--- WHAT THIS TASK INVOLVES ---
Please repeat only the lines below starting at the line that holds "Pair of Chinese" and ending at the line that holds "Royal Worcester - a", exactly, with both of those lines included and every picture omitted.

--- DATA FOR ANALYSIS ---
--- START ---

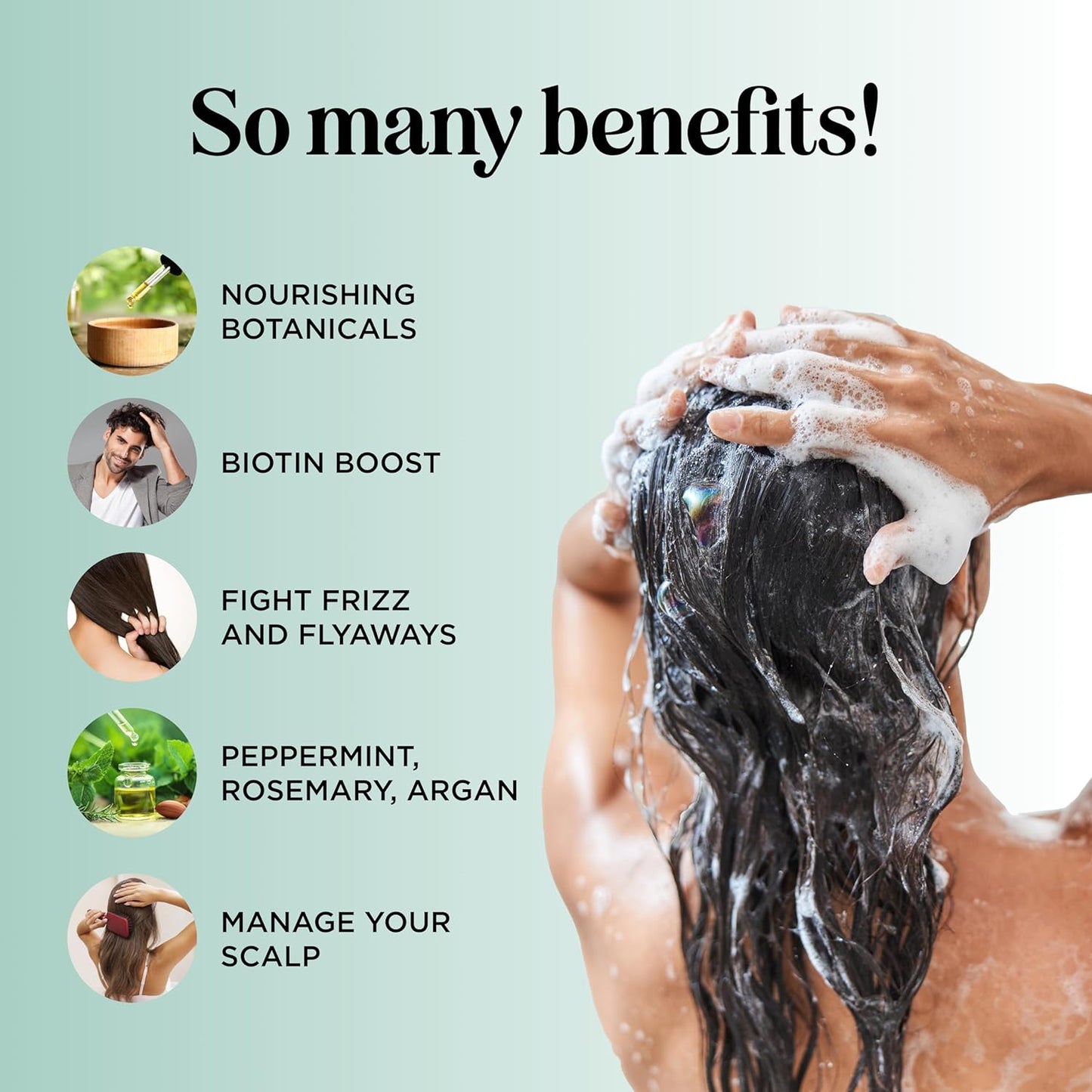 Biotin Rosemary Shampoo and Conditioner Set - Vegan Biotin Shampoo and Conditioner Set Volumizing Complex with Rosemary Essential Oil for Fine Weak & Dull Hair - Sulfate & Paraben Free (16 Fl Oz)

--- END ---
--- START ---

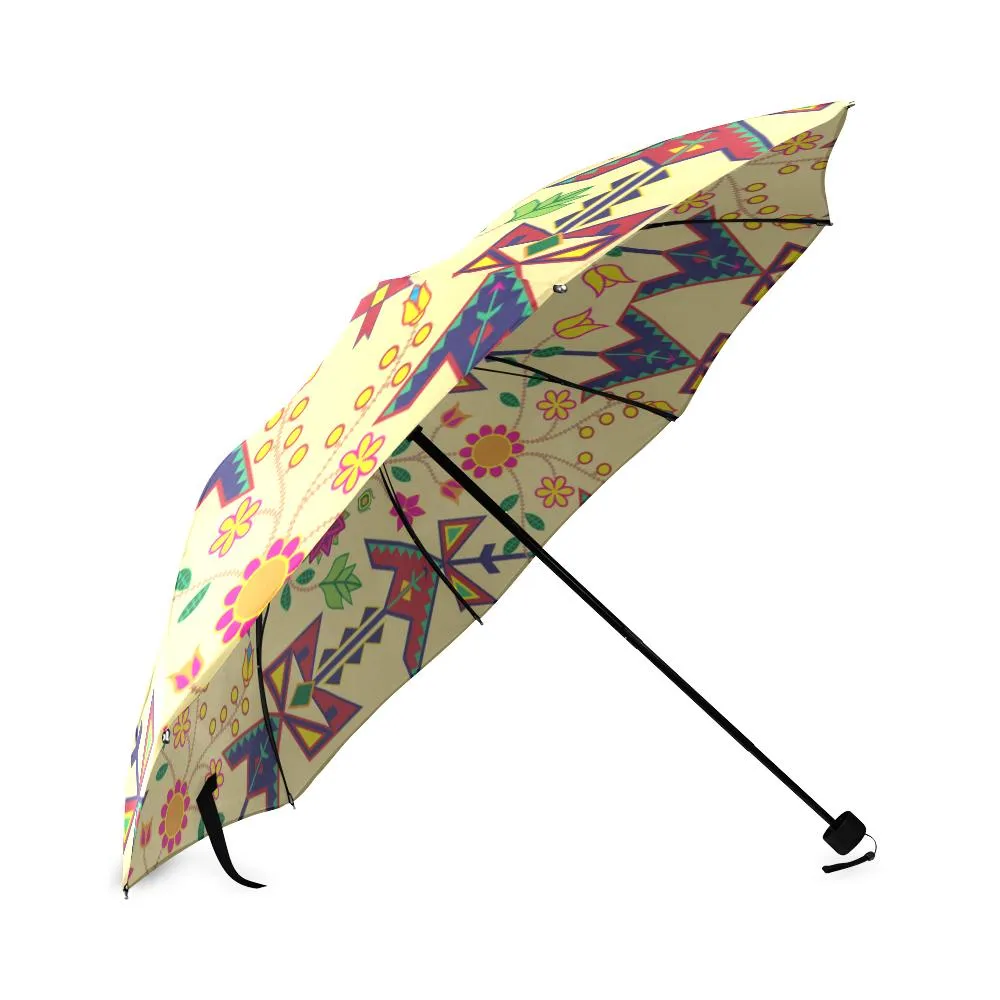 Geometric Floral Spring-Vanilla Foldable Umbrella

--- END ---
--- START ---

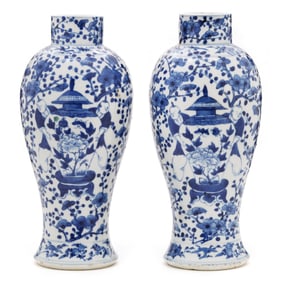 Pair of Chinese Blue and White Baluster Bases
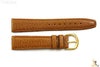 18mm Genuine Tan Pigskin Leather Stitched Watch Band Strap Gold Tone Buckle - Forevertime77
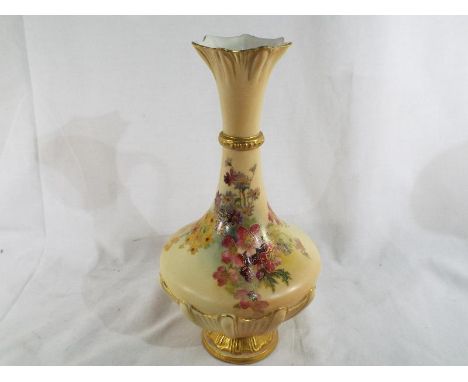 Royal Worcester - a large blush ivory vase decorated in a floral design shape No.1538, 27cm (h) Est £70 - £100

--- END ---

--- SOLUTION ---
 Pair of Chinese Blue and White Baluster Bases
 18mm Genuine Tan Pigskin Leather Stitched Watch Band Strap Gold Tone Buckle - Forevertime77
 Royal Worcester - a large blush ivory vase decorated in a floral design shape No.1538, 27cm (h) Est £70 - £100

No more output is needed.